[Saved entries]
....

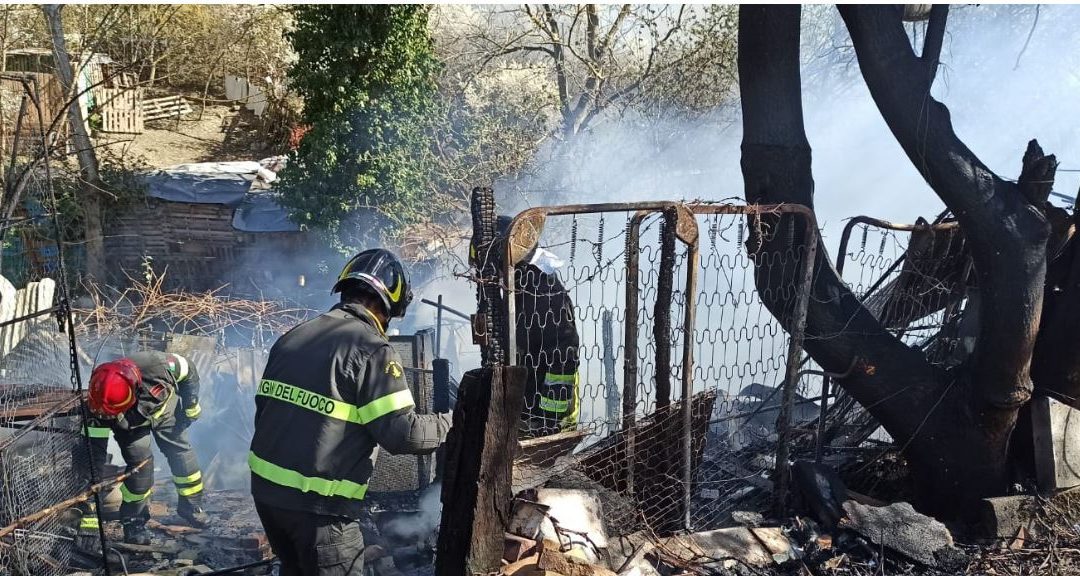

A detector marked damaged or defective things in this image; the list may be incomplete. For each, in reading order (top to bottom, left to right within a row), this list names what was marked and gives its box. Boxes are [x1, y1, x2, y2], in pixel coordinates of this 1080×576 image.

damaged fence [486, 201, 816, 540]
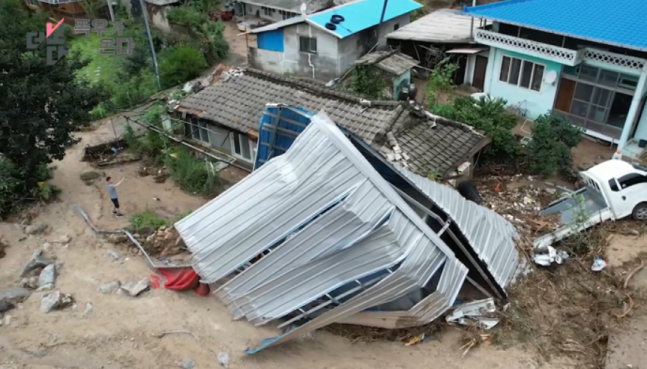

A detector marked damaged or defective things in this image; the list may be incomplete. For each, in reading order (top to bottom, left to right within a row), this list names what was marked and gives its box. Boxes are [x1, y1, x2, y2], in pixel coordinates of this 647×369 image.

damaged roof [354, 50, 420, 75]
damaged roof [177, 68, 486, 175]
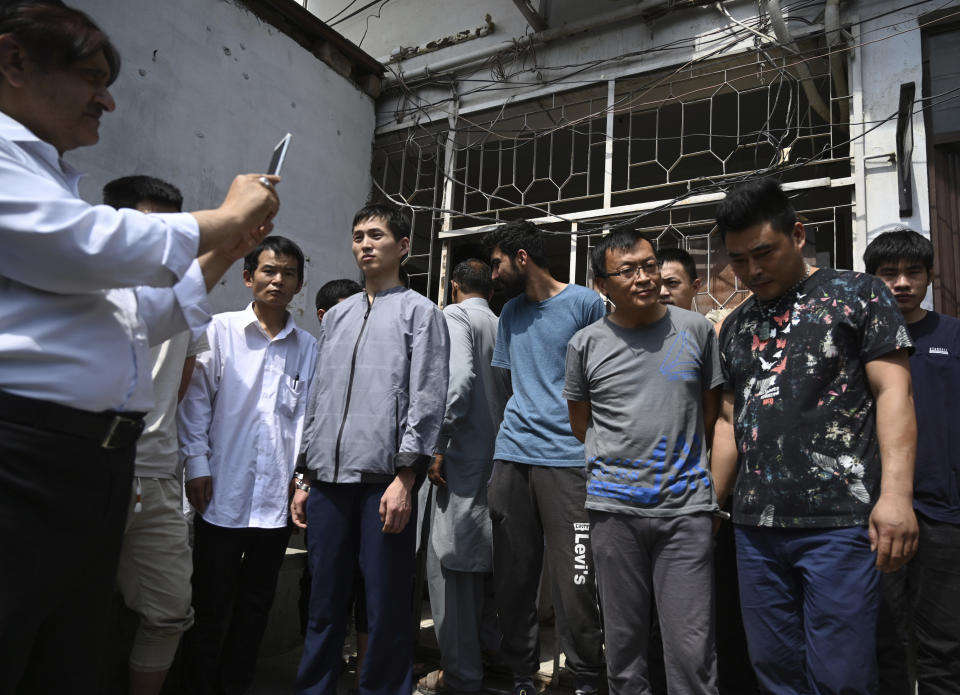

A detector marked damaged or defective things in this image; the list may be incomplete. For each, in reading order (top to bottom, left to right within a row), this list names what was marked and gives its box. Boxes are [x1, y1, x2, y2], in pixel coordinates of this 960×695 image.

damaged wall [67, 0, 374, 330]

....

Work to be completed: Take the line with "this 960×695 image." and every line after it in the data, and please reproduce them exactly, leaving out all other lines.

Result below:
A detector marked damaged or defective things in this image; the list may be incomplete. For each, in reading order (top to bottom, left to right within a row), this list names what was marked and gives its box. Boxes are [x1, y1, x2, y2], in pixel coordinates of this 960×695 image.

damaged wall [67, 0, 374, 330]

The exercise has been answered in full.